As I reported last week in my post, "Federal Judge Schedules Infosys Visa Fraud Trial for August," U.S. District Court Judge Myron H. Thompson has scheduled the trial to start during a two-week window beginning Aug. 20. In his scheduling order, Thompson set a timetable for the completion of discovery materials, the phase in which Palmer's attorney, Kenny Mendelsohn, will gather additional evidence by requesting documents from Infosys and deposing - that is, questioning under oath - current and former Infosys employees. He said that process has already begun:
We've already started a little bit of the discovery process - we're going to be filing some paperwork probably the first part of [the week of Dec. 4] to require Infosys to produce certain documents. Either they will, or they'll object to it, and then we'll have to go to court and ask the court to order them to if they don't produce the documents. We'll start getting more of their internal stuff that Jay doesn't have. He's got a lot of documents, but there are other things we're going to need to do. After that, we'll start taking depositions of some of the key witnesses in this case.
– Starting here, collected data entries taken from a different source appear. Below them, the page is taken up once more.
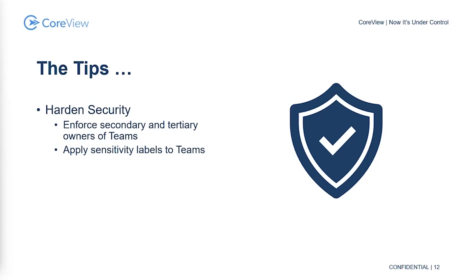But you can absolutely apply sensitivity labels to containers, and Teams is a container of sorts. So I could apply a sensitivity label to a team and leverage that sensitivity label as a classification to have other mechanical pieces that get applied as a result.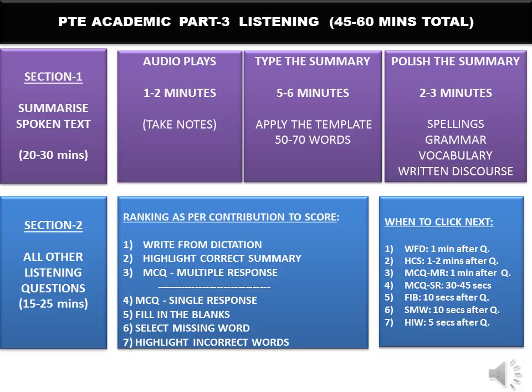In the second half of the listening section, be very mentally alert, completely attentive, and keep clicking next as per the weightages. You might get all the other questions in any sequence: Highlight Correct Summary, MCQ Multiple Response, MCQ Single Response, Fill in the Blanks, Select Missing Word, and Highlight Incorrect Words. If you are not aware of what these question types look like, please go to the PTE orientation playlist on the Veracity PTE channel.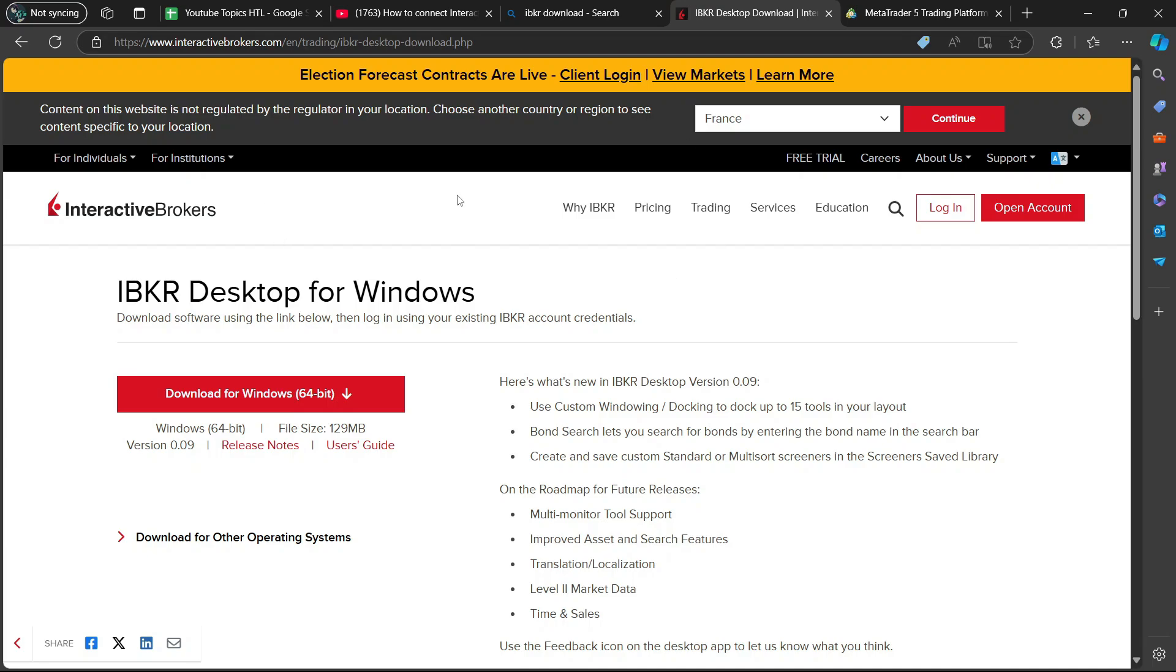You are then going to download the desktop application to your PC. After you've downloaded IBKR Desktop for Windows, you are going to log in with your credentials.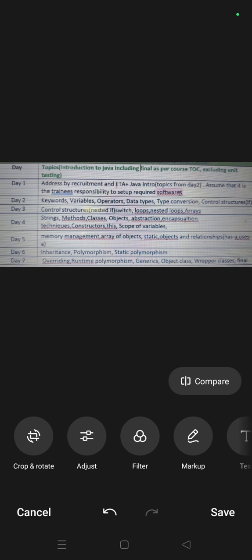And the relationships - has-a relationship, uses, uses-a relationship, inheritance, polymorphism, static polymorphism, overriding, runtime polymorphism, object class, wrapper classes, final keyword.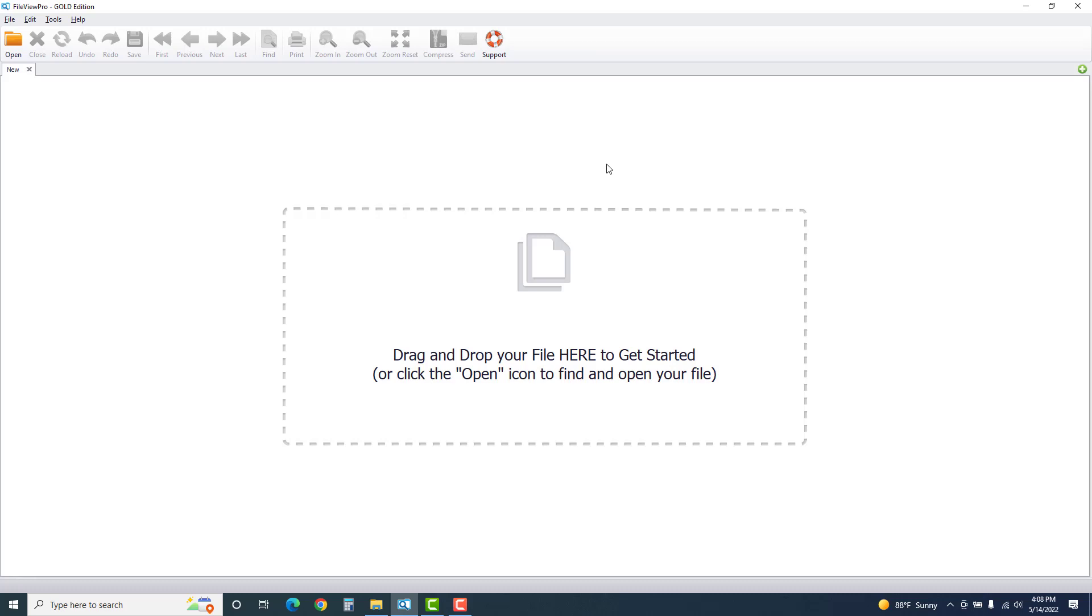Anyway, for now, save your money. FileView Pro, it does not do what it says it's going to do.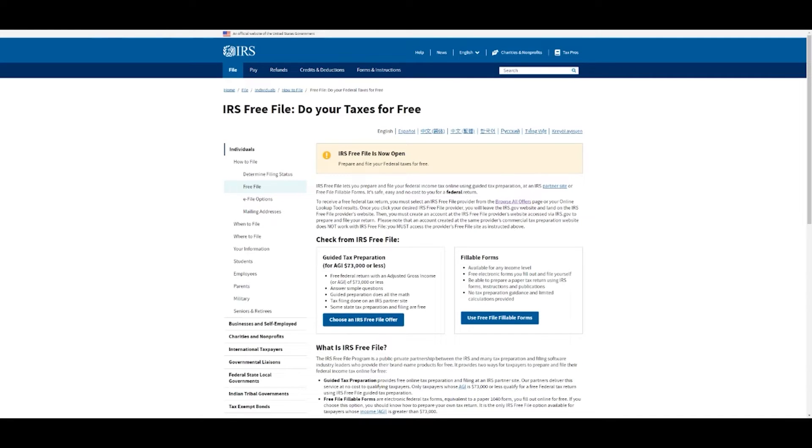If you go to the IRS free file website, you can do your taxes free. I will leave the link down below.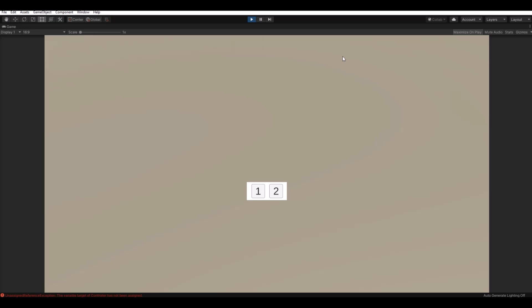Hello and welcome back to my channel. Today I will show you how you can instantiate different kinds of prefabs by selecting them from a panel. If I click number one I can instantiate a simple cube, and if I click number two I can instantiate a sapphire. Let's get to it.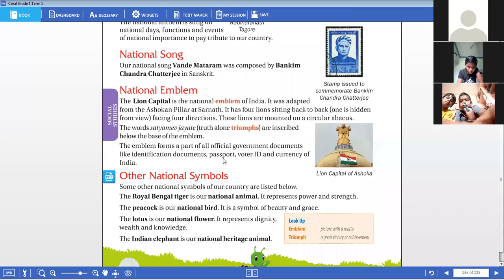The emblem forms a part of all official government documents like identification documents, passports, voter IDs, and currency of India.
Mendelsohn said those key witnesses will include some of Infosys' top clients, and he explained what he'll be looking for:
Documentation of the use of the B-1 employees at their sites, and to be able to further prove that those folks were actually working and were not at meetings, as the welcoming letters would have suggested. There will also be questions and information sought about the labor costs, and what they were paying Infosys for the use of these employees, and how Infosys charged it back. A lot of that relates to Jay, in his whistleblower complaint, pointing out that Infosys was getting reimbursed for the labor costs, and that they weren't paying federal withholding tax, social security, Medicare, things like that.
Mendelsohn said that process will go into full swing in early January.
As I noted in last week's post, Thompson's order stipulated that the two sides are required to engage in good-faith negotiations at a face-to-face settlement conference by the second week of May. The order also contained a suggestion that the two sides consider voluntary mediation as a means of facilitating a settlement. You may recall that Thompson had earlier denied Infosys' motion to compel arbitration in the case, so it might be helpful to distinguish between arbitration and mediation. This is how Mendelsohn explained the difference:
In the case of arbitration, it's like a court - you present your evidence to an arbitrator, or sometimes it's three arbitrators, and whatever they rule is the final decision. Mediation is when you sit down - usually in federal court they have you do it with a federal magistrate - and he listens to both sides and tries to help them resolve the case. The idea is that 90 percent of all cases settle, so let's try to settle it today instead of playing the game. But it is non-binding. The mediator has no authority. Everything is confidential, and in fact, the judge never knows [what took place during the mediation]-the mediator writes the judge and says either they settled, or they didn't settle.
I asked Mendelsohn if mediation is a realistic option in this case. His response:
I would have to have something from Infosys indicating to me that they truly, in good faith, want to try to resolve this case, and I go back to what I said before: An apology to Jay Palmer [for calling him a liar] would go a long way. But I think they've learned now that they're not going to be able to come in and just wave some amount of money in front of Jay in the hope he'll take it and drop all this. He is dead set on proving the wrongful conduct and showing he wasn't a liar, and trying to stop Infosys from continuing this kind of illegal conduct.